**Stored data**:
------

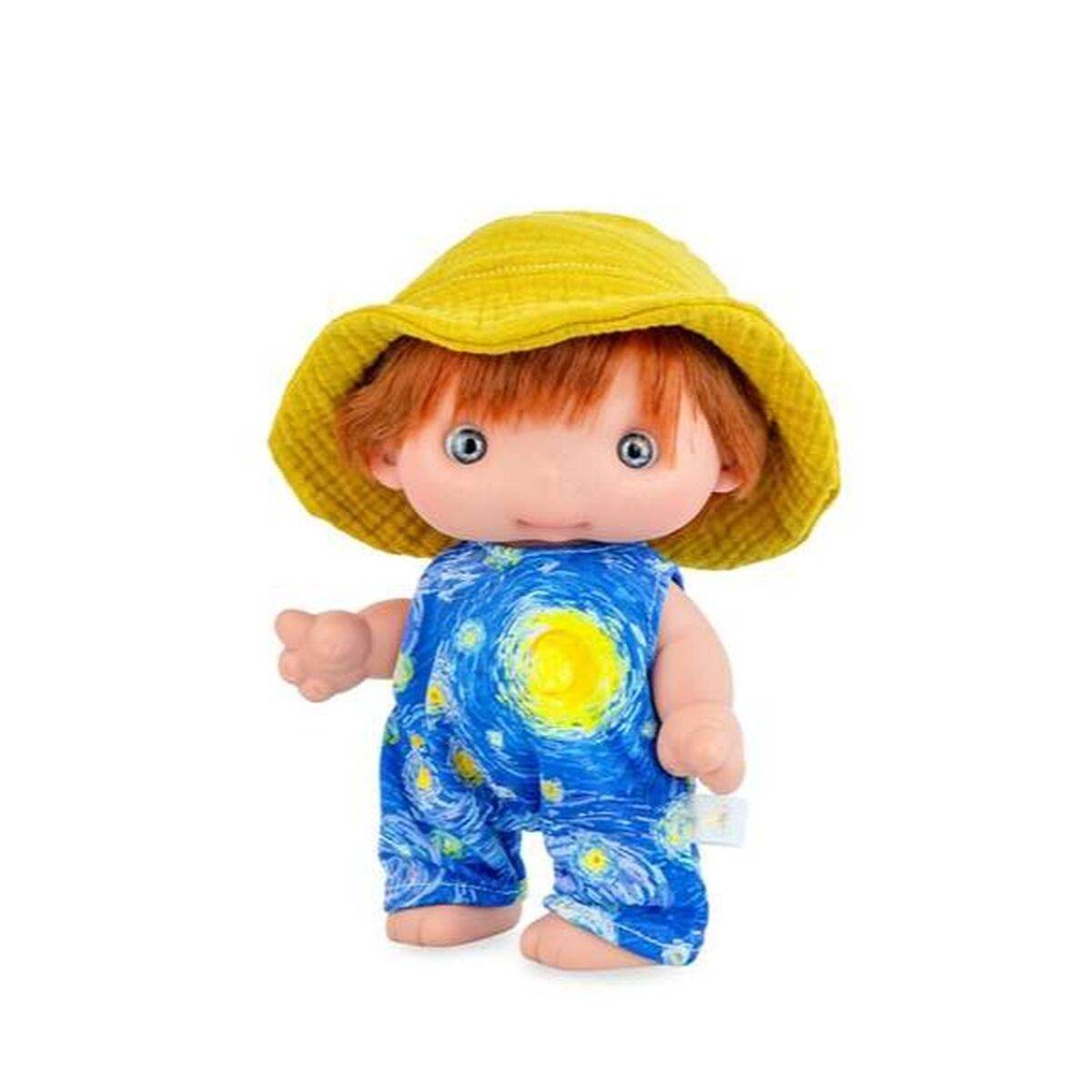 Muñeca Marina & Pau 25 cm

------

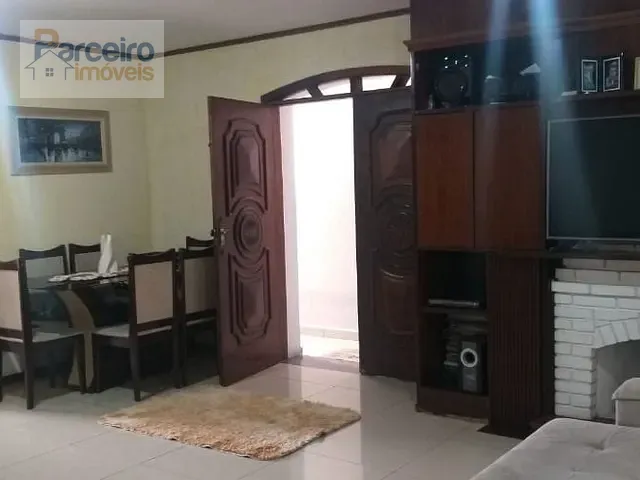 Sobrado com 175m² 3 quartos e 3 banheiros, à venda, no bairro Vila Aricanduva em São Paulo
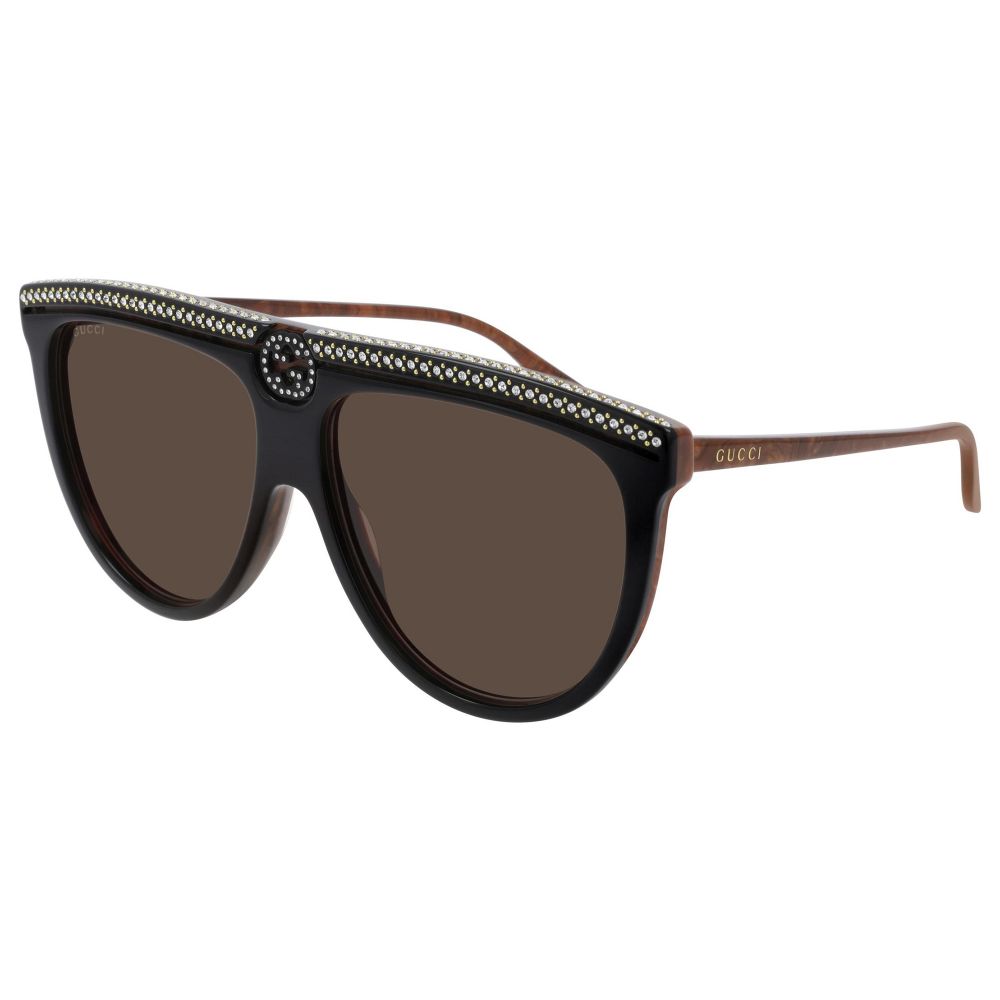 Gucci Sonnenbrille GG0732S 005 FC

------

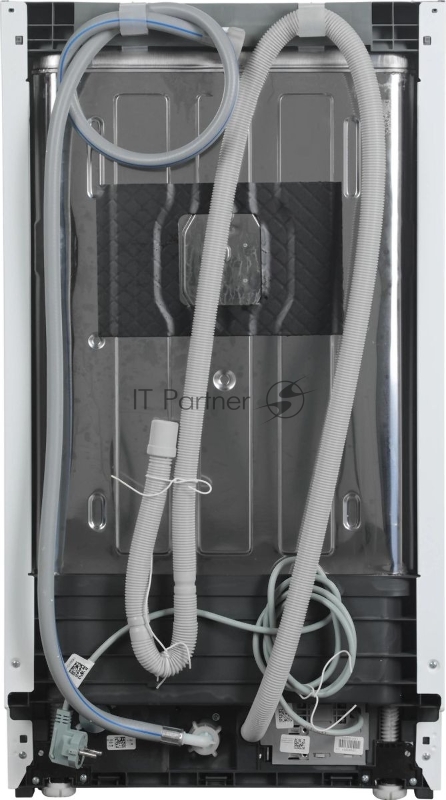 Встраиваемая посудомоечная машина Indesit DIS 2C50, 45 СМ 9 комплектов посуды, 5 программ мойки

------

**Exercise directions**:
Using the entries above, transcribe exactly from the line that has "Sobrado com 175m²" through the line that has "Gucci Sonnenbrille GG0732S 005 FC". Pictures are dropped.

**Expected answer**:
 Sobrado com 175m² 3 quartos e 3 banheiros, à venda, no bairro Vila Aricanduva em São Paulo
 Gucci Sonnenbrille GG0732S 005 FC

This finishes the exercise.